═════ Data to examine ═════

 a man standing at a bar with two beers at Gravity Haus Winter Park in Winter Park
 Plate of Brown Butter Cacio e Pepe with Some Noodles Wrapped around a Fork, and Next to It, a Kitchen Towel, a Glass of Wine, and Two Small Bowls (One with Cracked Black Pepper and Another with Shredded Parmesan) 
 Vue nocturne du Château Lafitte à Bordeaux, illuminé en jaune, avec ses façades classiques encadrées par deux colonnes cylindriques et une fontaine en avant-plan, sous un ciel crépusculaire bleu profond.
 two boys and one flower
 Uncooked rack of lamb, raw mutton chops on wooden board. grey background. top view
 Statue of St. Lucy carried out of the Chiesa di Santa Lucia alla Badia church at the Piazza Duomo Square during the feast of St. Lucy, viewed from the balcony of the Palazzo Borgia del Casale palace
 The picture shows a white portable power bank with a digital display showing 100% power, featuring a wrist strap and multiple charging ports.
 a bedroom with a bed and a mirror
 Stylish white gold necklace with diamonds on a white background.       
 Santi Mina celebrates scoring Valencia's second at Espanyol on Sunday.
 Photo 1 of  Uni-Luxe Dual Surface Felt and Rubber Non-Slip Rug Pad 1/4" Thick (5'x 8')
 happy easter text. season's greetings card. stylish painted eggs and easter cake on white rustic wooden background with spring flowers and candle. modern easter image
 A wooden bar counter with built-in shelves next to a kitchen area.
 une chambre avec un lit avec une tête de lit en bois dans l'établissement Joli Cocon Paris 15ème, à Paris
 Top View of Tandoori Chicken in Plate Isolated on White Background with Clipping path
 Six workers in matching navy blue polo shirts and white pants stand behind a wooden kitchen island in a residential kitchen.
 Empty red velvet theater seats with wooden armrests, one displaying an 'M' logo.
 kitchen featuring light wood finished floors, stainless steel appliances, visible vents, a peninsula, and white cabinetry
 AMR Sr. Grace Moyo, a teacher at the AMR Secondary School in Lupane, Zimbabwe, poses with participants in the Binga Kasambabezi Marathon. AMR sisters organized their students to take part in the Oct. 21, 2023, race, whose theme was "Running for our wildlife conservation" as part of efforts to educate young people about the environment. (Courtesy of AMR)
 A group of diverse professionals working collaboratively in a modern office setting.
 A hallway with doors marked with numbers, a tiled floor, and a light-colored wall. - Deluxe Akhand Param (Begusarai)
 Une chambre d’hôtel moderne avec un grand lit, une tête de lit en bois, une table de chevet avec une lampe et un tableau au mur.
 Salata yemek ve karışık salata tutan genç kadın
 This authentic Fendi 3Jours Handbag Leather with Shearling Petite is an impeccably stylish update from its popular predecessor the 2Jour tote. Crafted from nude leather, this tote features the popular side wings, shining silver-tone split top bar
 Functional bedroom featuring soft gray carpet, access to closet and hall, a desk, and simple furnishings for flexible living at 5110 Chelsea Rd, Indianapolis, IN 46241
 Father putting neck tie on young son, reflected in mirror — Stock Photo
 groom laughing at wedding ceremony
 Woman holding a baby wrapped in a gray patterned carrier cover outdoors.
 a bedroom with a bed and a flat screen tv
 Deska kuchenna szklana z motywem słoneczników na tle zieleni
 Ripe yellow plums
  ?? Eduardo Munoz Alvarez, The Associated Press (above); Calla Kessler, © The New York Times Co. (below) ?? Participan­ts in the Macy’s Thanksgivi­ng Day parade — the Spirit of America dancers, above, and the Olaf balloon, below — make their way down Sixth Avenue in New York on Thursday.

═════

**What needs to be done**
In full and without alteration, repeat the records.

**Response area**
 a man standing at a bar with two beers at Gravity Haus Winter Park in Winter Park
 Plate of Brown Butter Cacio e Pepe with Some Noodles Wrapped around a Fork, and Next to It, a Kitchen Towel, a Glass of Wine, and Two Small Bowls (One with Cracked Black Pepper and Another with Shredded Parmesan) 
 Vue nocturne du Château Lafitte à Bordeaux, illuminé en jaune, avec ses façades classiques encadrées par deux colonnes cylindriques et une fontaine en avant-plan, sous un ciel crépusculaire bleu profond.
 two boys and one flower
 Uncooked rack of lamb, raw mutton chops on wooden board. grey background. top view
 Statue of St. Lucy carried out of the Chiesa di Santa Lucia alla Badia church at the Piazza Duomo Square during the feast of St. Lucy, viewed from the balcony of the Palazzo Borgia del Casale palace
 The picture shows a white portable power bank with a digital display showing 100% power, featuring a wrist strap and multiple charging ports.
 a bedroom with a bed and a mirror
 Stylish white gold necklace with diamonds on a white background.       
 Santi Mina celebrates scoring Valencia's second at Espanyol on Sunday.
 Photo 1 of  Uni-Luxe Dual Surface Felt and Rubber Non-Slip Rug Pad 1/4" Thick (5'x 8')
 happy easter text. season's greetings card. stylish painted eggs and easter cake on white rustic wooden background with spring flowers and candle. modern easter image
 A wooden bar counter with built-in shelves next to a kitchen area.
 une chambre avec un lit avec une tête de lit en bois dans l'établissement Joli Cocon Paris 15ème, à Paris
 Top View of Tandoori Chicken in Plate Isolated on White Background with Clipping path
 Six workers in matching navy blue polo shirts and white pants stand behind a wooden kitchen island in a residential kitchen.
 Empty red velvet theater seats with wooden armrests, one displaying an 'M' logo.
 kitchen featuring light wood finished floors, stainless steel appliances, visible vents, a peninsula, and white cabinetry
 AMR Sr. Grace Moyo, a teacher at the AMR Secondary School in Lupane, Zimbabwe, poses with participants in the Binga Kasambabezi Marathon. AMR sisters organized their students to take part in the Oct. 21, 2023, race, whose theme was "Running for our wildlife conservation" as part of efforts to educate young people about the environment. (Courtesy of AMR)
 A group of diverse professionals working collaboratively in a modern office setting.
 A hallway with doors marked with numbers, a tiled floor, and a light-colored wall. - Deluxe Akhand Param (Begusarai)
 Une chambre d’hôtel moderne avec un grand lit, une tête de lit en bois, une table de chevet avec une lampe et un tableau au mur.
 Salata yemek ve karışık salata tutan genç kadın
 This authentic Fendi 3Jours Handbag Leather with Shearling Petite is an impeccably stylish update from its popular predecessor the 2Jour tote. Crafted from nude leather, this tote features the popular side wings, shining silver-tone split top bar
 Functional bedroom featuring soft gray carpet, access to closet and hall, a desk, and simple furnishings for flexible living at 5110 Chelsea Rd, Indianapolis, IN 46241
 Father putting neck tie on young son, reflected in mirror — Stock Photo
 groom laughing at wedding ceremony
 Woman holding a baby wrapped in a gray patterned carrier cover outdoors.
 a bedroom with a bed and a flat screen tv
 Deska kuchenna szklana z motywem słoneczników na tle zieleni
 Ripe yellow plums
  ?? Eduardo Munoz Alvarez, The Associated Press (above); Calla Kessler, © The New York Times Co. (below) ?? Participan­ts in the Macy’s Thanksgivi­ng Day parade — the Spirit of America dancers, above, and the Olaf balloon, below — make their way down Sixth Avenue in New York on Thursday.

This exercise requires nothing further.